• [EXERCISE DESCRIPTION]:
Output must consist only of the lines of the material below from the one with "季后赛造犯规榜单揭晓SGA领衔恩比德紧随其后申京文班表现不俗" through the one with "利用ES文件浏览器实现手机与电脑稳定数据传输", each reproduced exactly; no pictures belong in it.

----

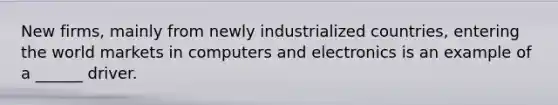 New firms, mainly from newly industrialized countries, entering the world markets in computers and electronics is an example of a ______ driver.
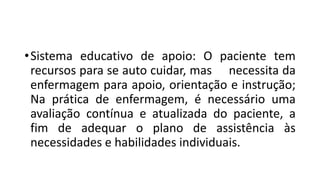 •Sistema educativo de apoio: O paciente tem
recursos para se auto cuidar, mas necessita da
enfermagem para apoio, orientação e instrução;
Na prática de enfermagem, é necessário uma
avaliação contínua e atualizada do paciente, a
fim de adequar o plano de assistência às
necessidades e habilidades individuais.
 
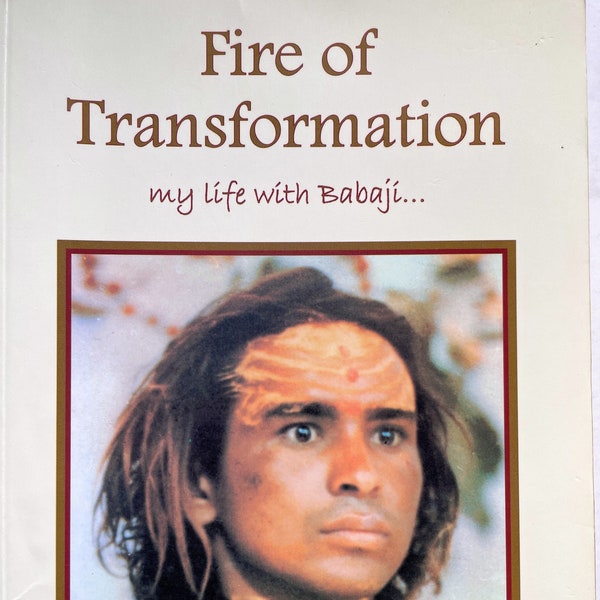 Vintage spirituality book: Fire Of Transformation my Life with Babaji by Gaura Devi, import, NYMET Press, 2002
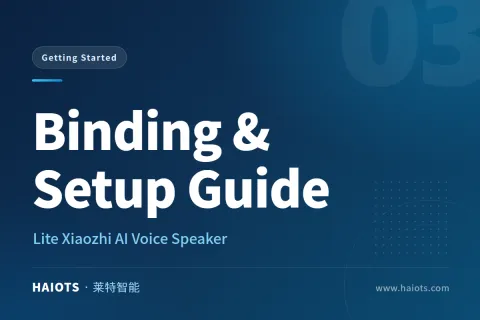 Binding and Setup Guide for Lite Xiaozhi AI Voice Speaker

----

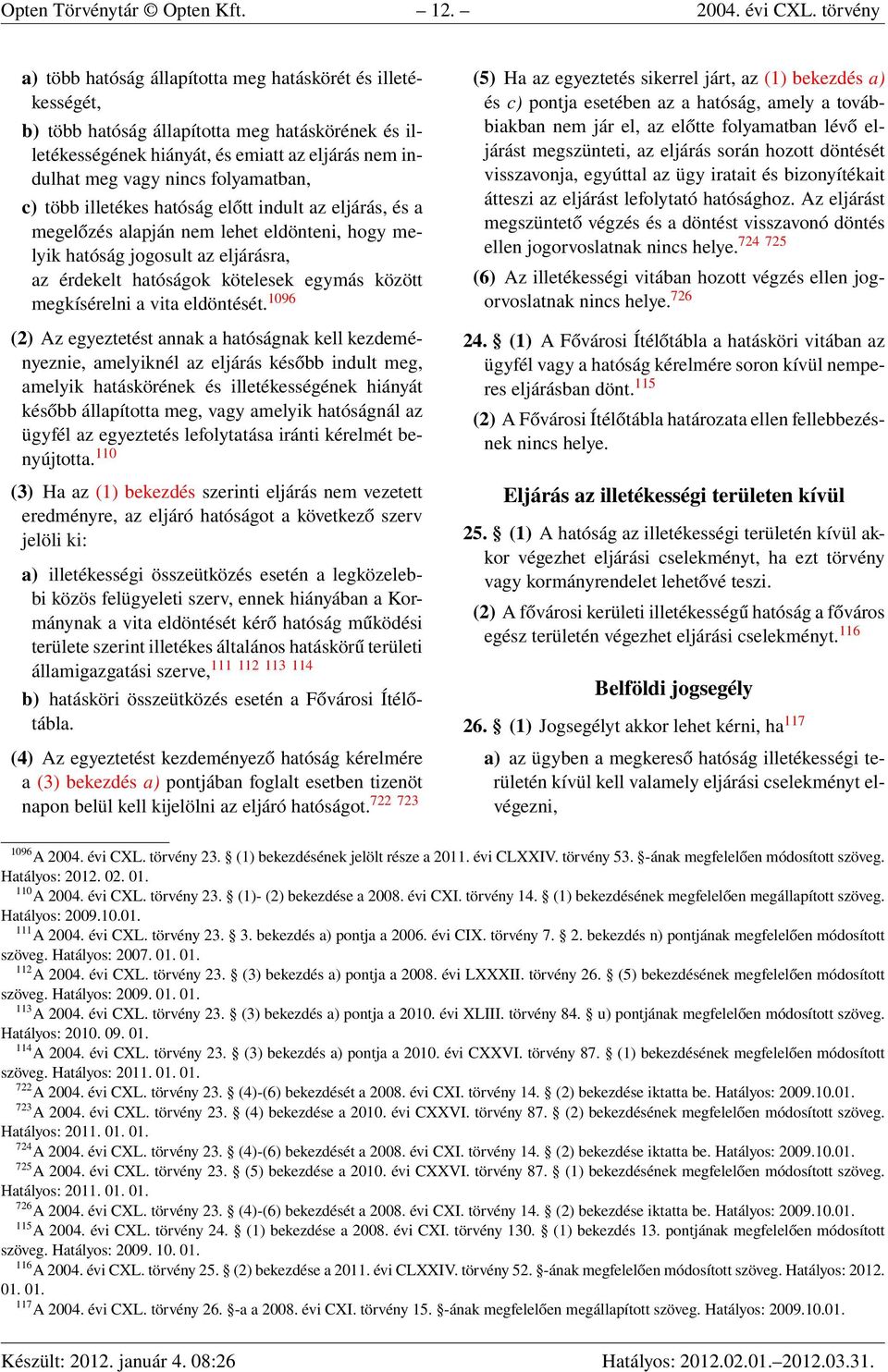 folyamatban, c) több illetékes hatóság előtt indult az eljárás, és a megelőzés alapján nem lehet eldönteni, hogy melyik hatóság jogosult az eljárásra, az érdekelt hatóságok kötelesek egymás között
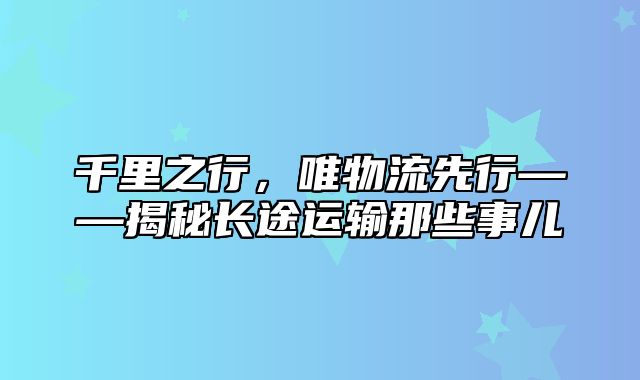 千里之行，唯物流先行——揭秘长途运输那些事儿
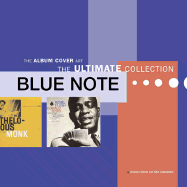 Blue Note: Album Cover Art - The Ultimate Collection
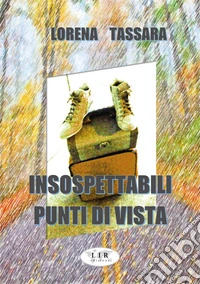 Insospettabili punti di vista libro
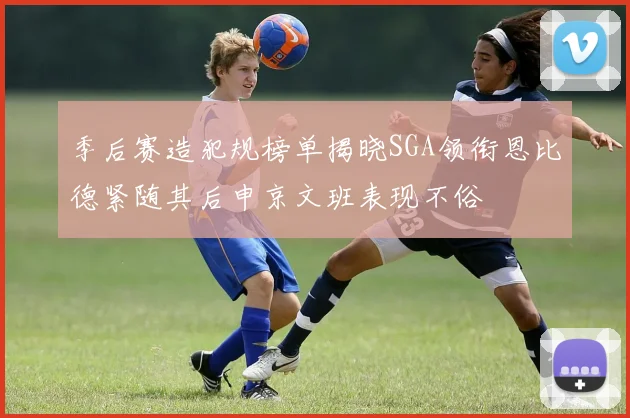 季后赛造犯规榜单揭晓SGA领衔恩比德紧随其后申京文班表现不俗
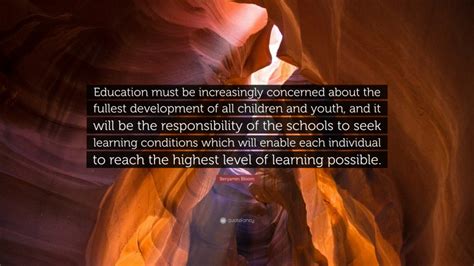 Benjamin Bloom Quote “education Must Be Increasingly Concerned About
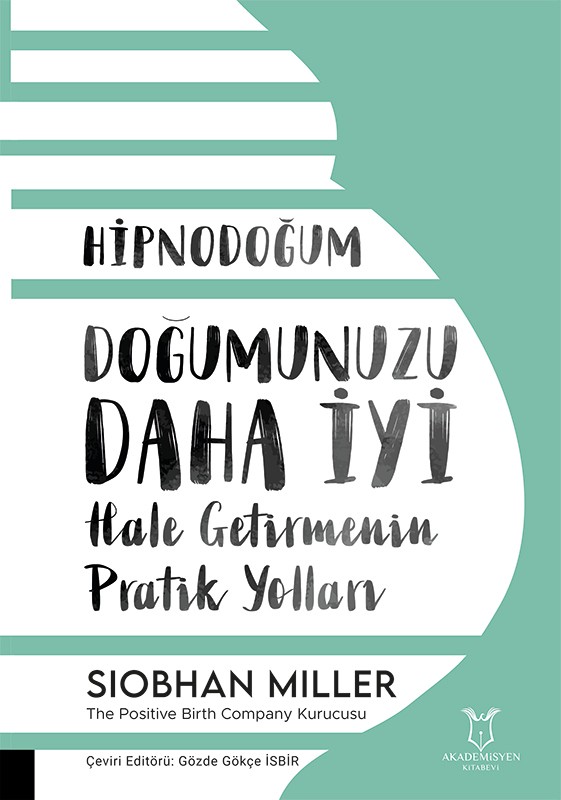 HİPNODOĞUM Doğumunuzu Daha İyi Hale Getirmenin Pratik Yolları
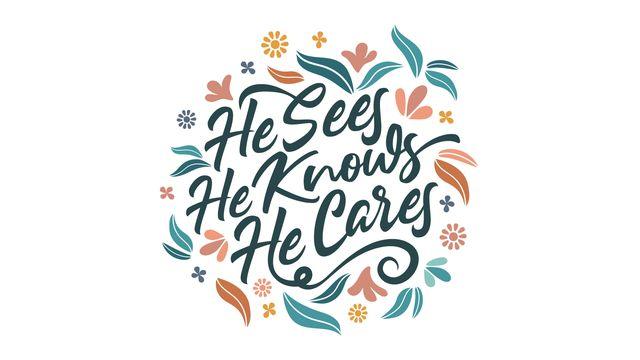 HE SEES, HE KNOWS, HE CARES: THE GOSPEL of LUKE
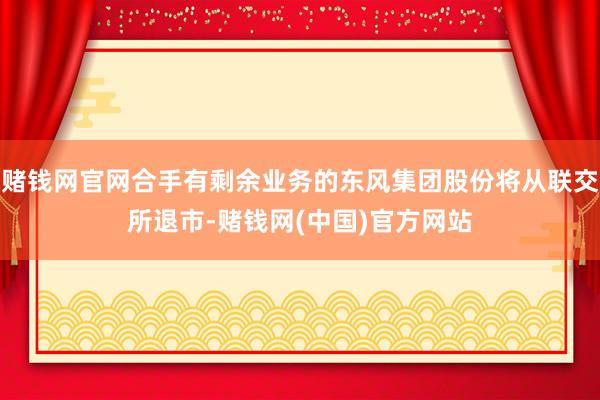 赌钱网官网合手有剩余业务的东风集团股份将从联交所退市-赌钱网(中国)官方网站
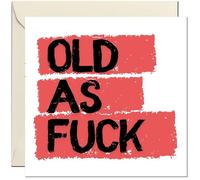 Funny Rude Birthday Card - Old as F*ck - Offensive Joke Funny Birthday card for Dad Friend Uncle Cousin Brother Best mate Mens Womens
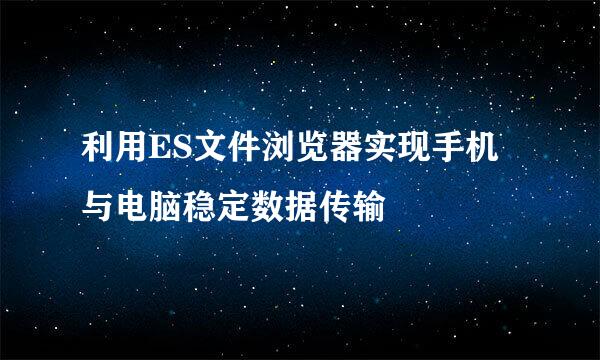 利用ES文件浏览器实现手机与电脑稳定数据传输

----

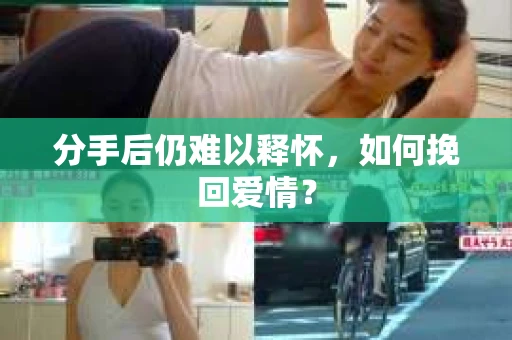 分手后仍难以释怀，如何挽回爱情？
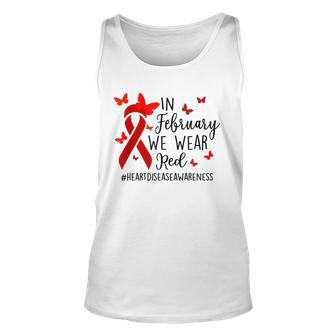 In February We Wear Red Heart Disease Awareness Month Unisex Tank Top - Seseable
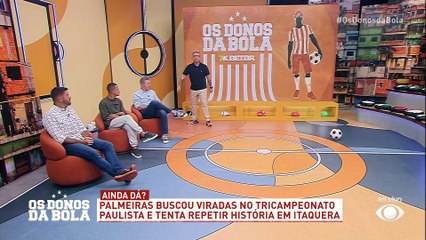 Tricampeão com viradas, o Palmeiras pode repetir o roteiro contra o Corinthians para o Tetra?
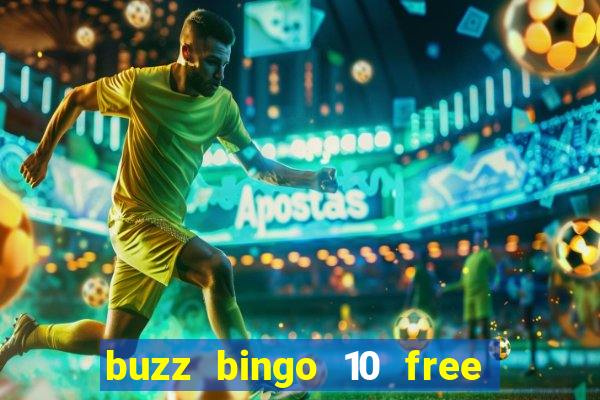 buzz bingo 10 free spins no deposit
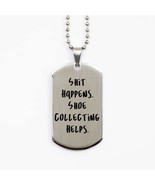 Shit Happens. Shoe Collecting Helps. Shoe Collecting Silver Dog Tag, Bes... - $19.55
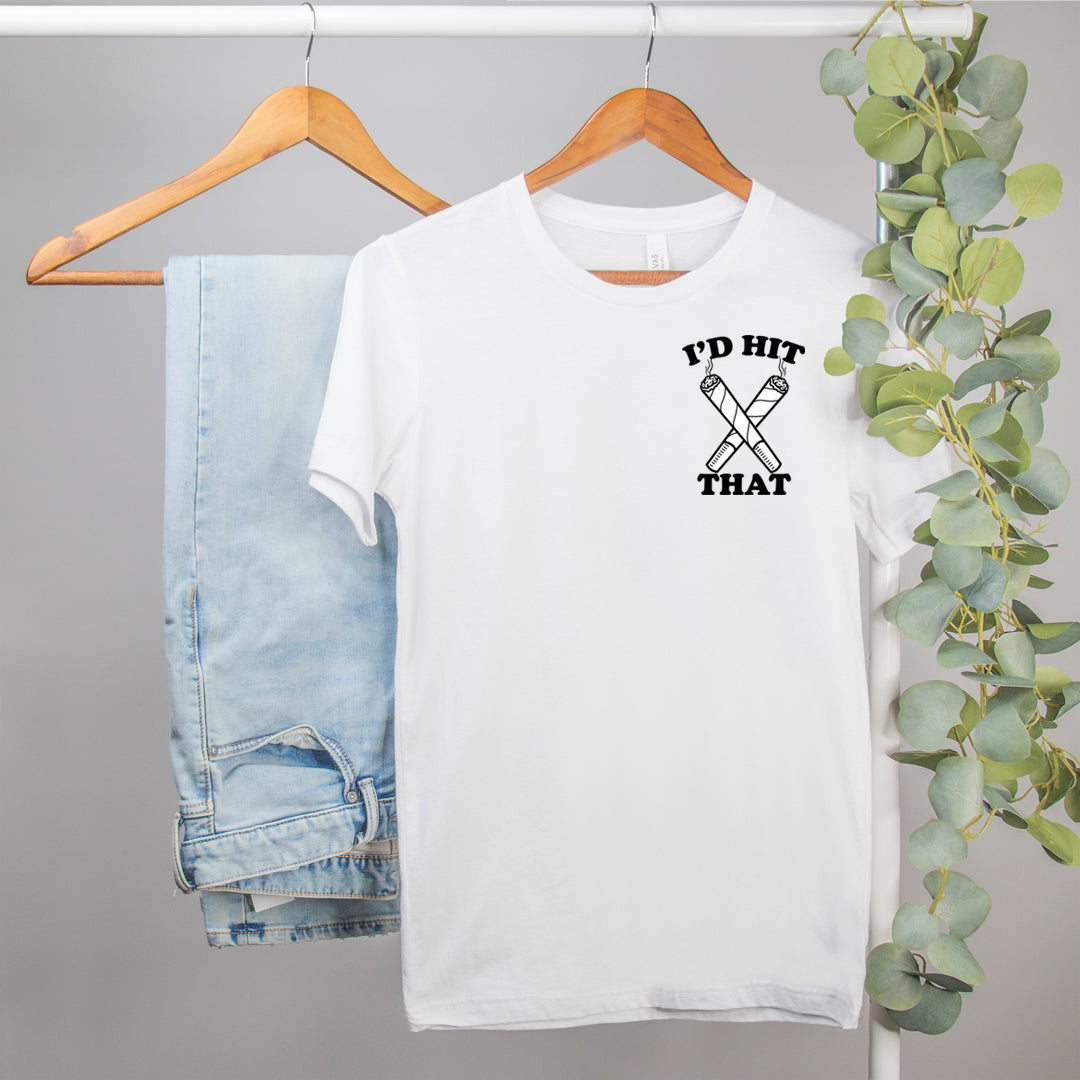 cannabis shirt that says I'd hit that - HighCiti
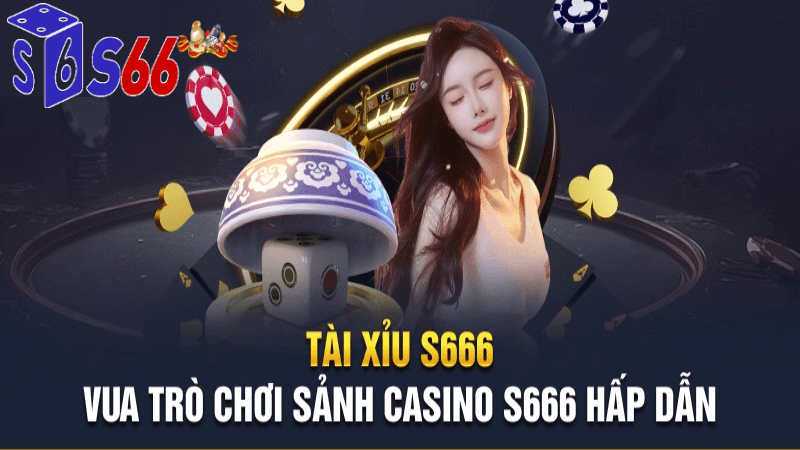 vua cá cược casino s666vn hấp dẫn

----

• [SOLUTION FOR THIS EXERCISE]:
 季后赛造犯规榜单揭晓SGA领衔恩比德紧随其后申京文班表现不俗
 Benjamin Bloom Quote “education Must Be Increasingly Concerned About
 HİPNODOĞUM Doğumunuzu Daha İyi Hale Getirmenin Pratik Yolları
 HE SEES, HE KNOWS, HE CARES: THE GOSPEL of LUKE
 赌钱网官网合手有剩余业务的东风集团股份将从联交所退市-赌钱网(中国)官方网站
 Funny Rude Birthday Card - Old as F*ck - Offensive Joke Funny Birthday card for Dad Friend Uncle Cousin Brother Best mate Mens Womens
 利用ES文件浏览器实现手机与电脑稳定数据传输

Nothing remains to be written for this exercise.